Excerpts from a dataset
--------------------------------
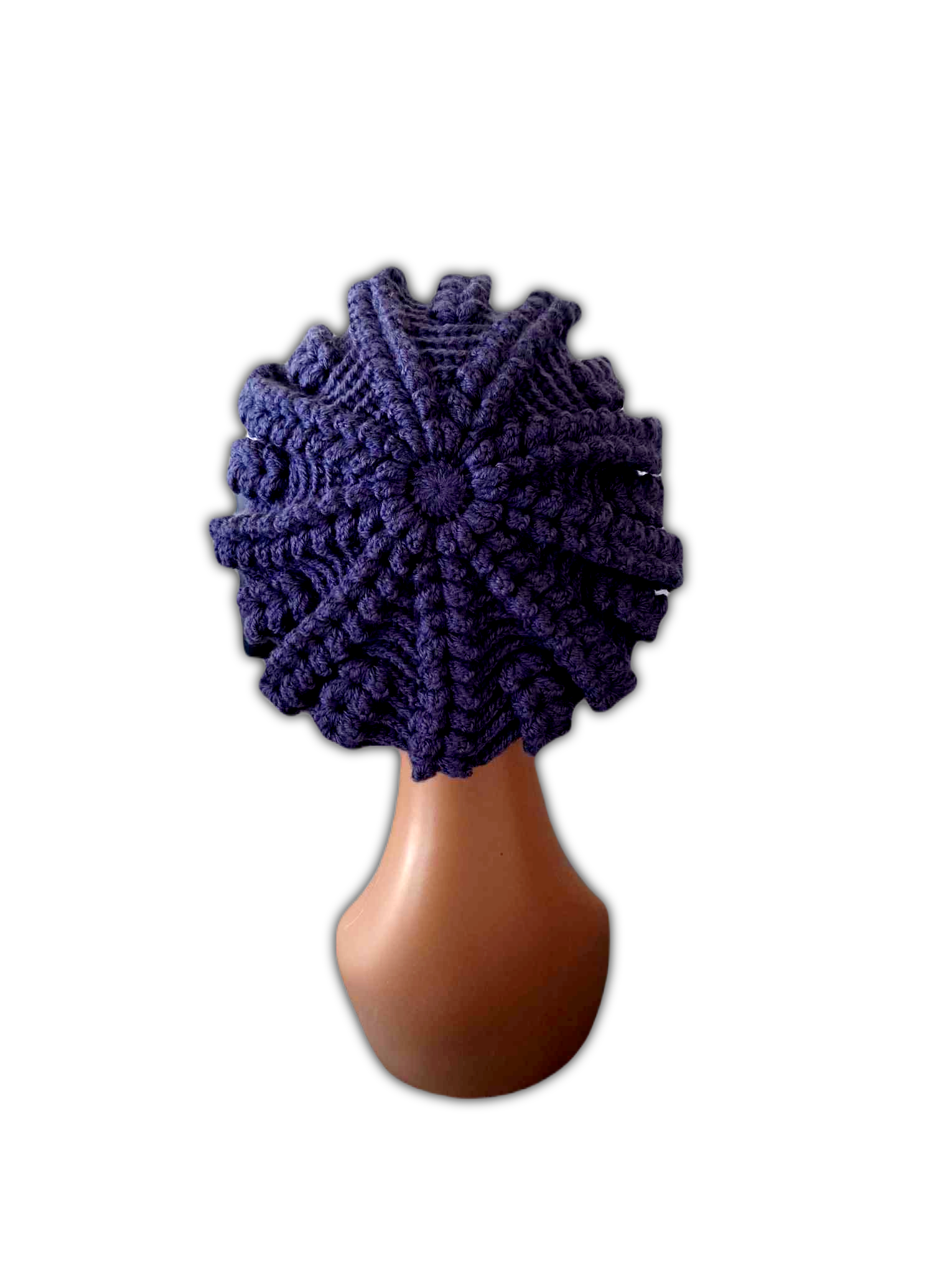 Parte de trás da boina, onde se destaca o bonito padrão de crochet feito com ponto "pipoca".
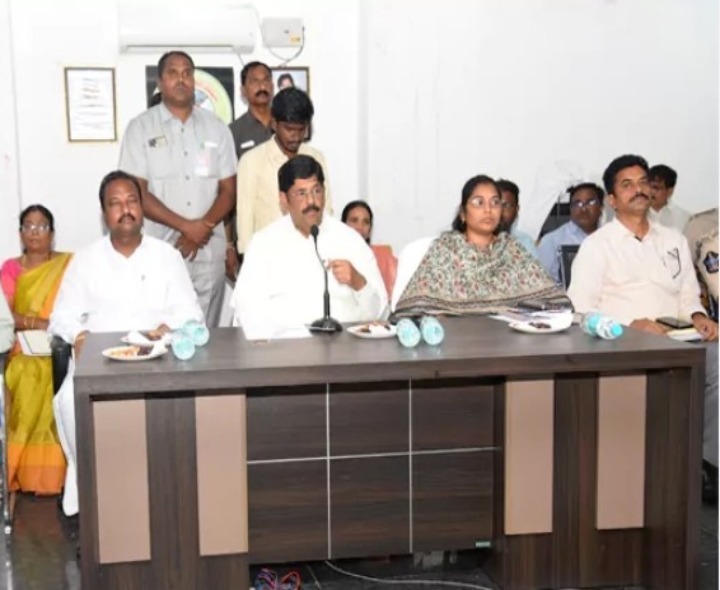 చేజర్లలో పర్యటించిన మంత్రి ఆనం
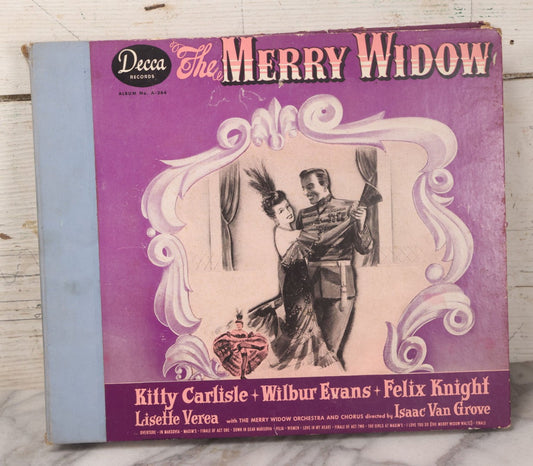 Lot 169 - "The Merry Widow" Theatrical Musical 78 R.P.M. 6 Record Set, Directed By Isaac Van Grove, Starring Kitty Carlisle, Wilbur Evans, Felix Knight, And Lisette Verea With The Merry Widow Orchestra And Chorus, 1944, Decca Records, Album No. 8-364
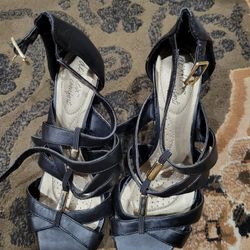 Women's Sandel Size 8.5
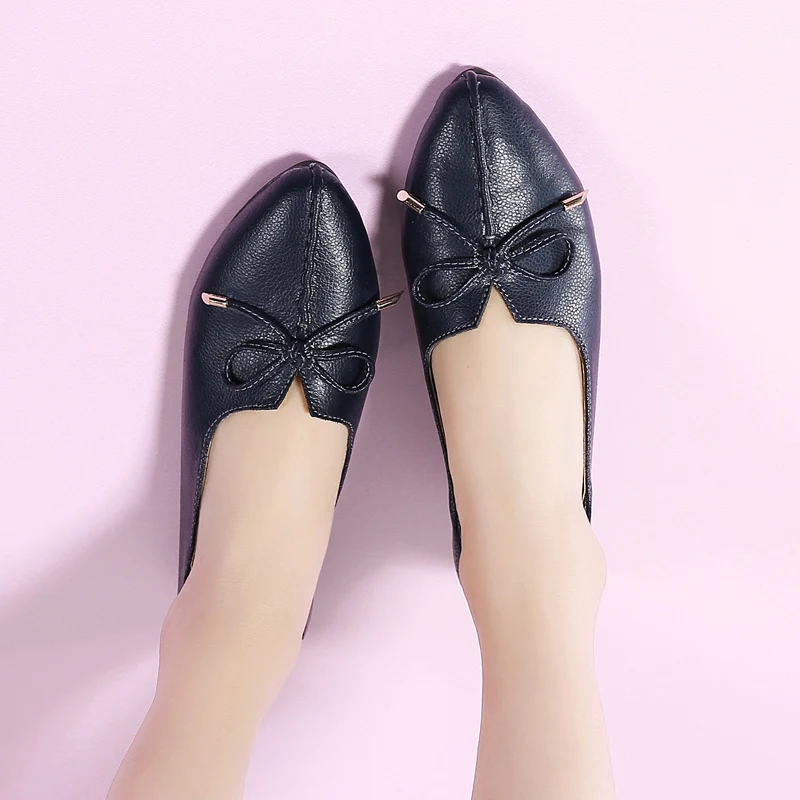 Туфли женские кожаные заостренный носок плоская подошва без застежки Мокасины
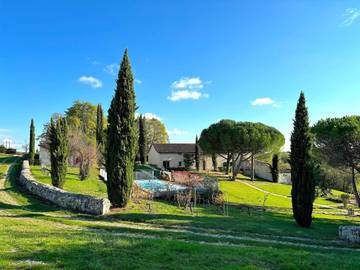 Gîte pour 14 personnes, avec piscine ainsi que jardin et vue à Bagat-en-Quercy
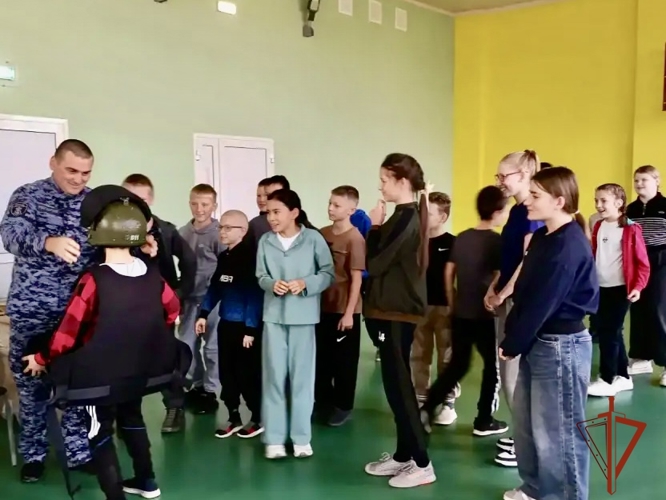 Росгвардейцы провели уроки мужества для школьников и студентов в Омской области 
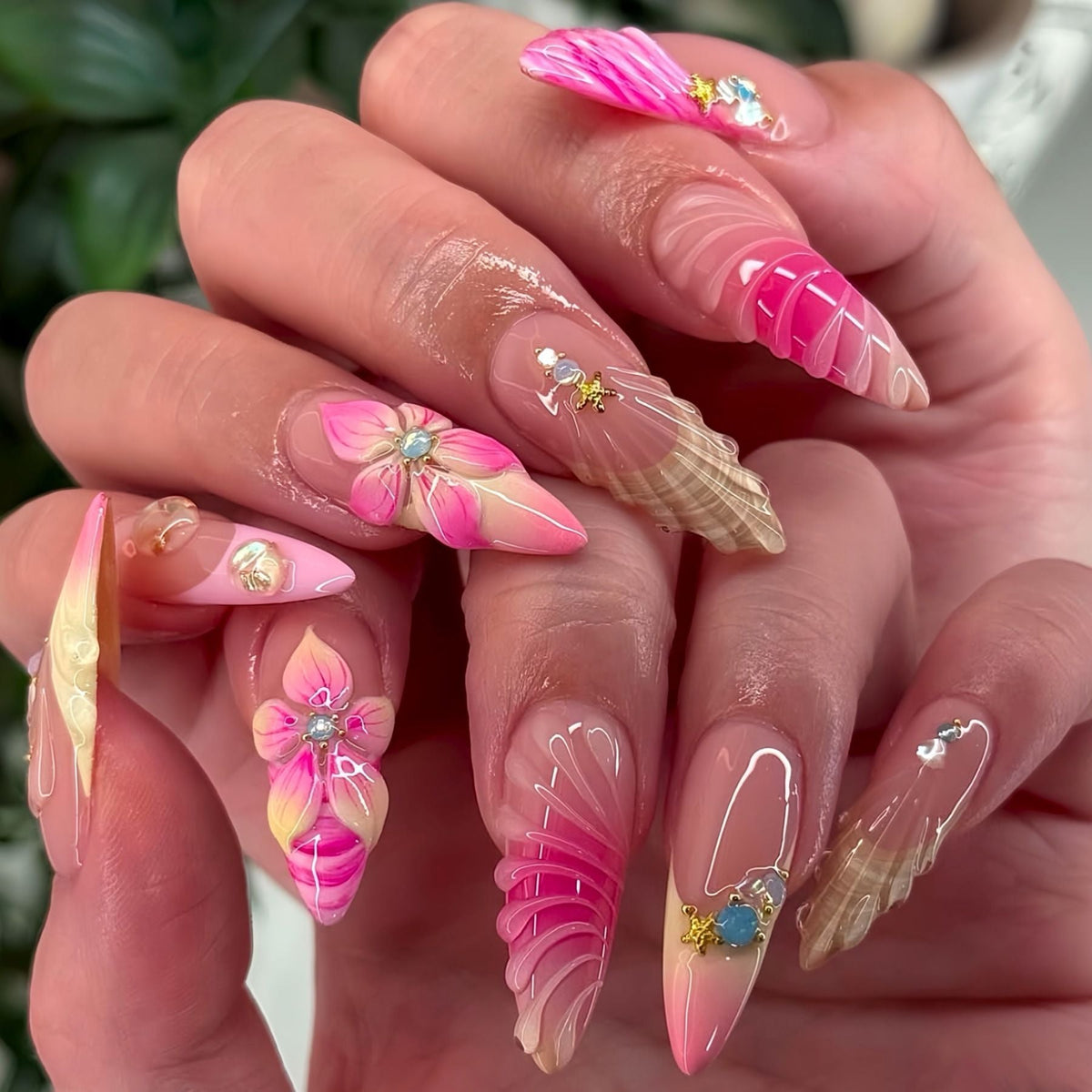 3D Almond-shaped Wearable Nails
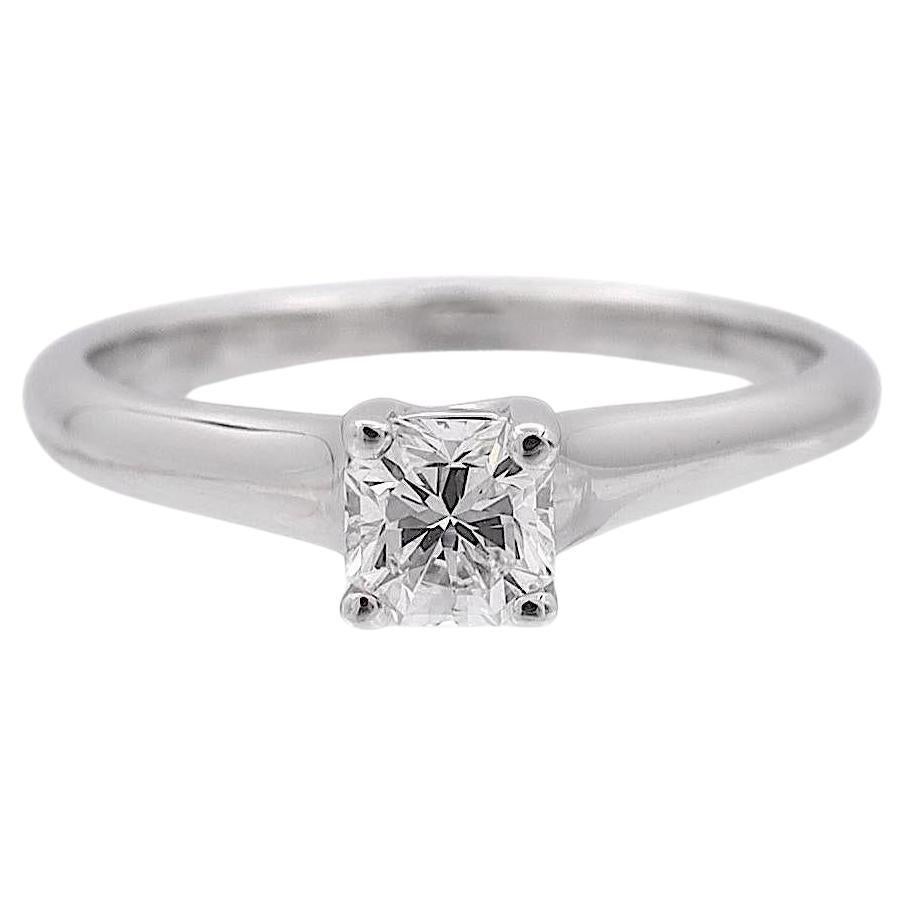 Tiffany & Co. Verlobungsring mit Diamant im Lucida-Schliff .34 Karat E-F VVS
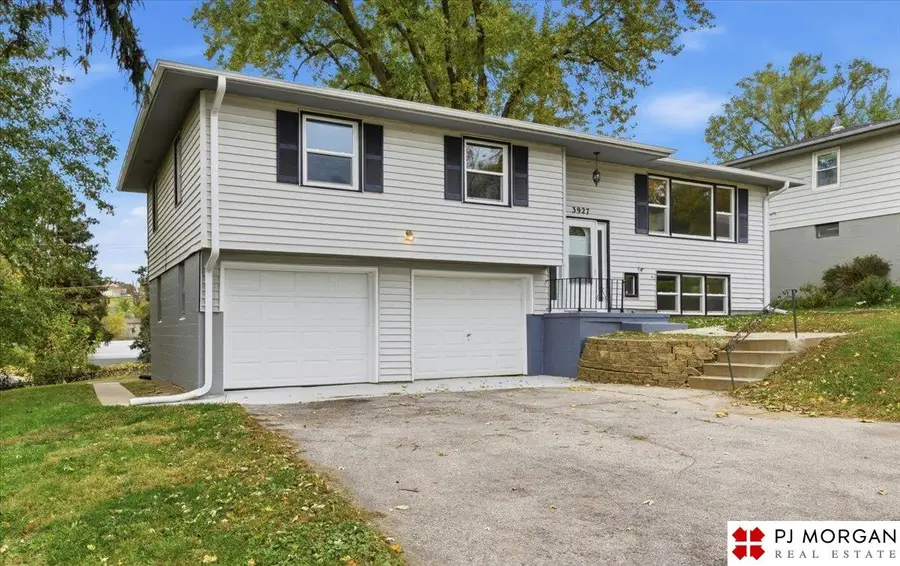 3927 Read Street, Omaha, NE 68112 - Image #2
--------------------------------
# [Directions]
Retype the lines above exactly as they appear, from the line containing "Album No. 8-364" through the line containing "Туфли женские кожаные", and leave out any pictures.

# [Reply to the task]
 Lot 169 - "The Merry Widow" Theatrical Musical 78 R.P.M. 6 Record Set, Directed By Isaac Van Grove, Starring Kitty Carlisle, Wilbur Evans, Felix Knight, And Lisette Verea With The Merry Widow Orchestra And Chorus, 1944, Decca Records, Album No. 8-364
 Women's Sandel Size 8.5
 Туфли женские кожаные заостренный носок плоская подошва без застежки Мокасины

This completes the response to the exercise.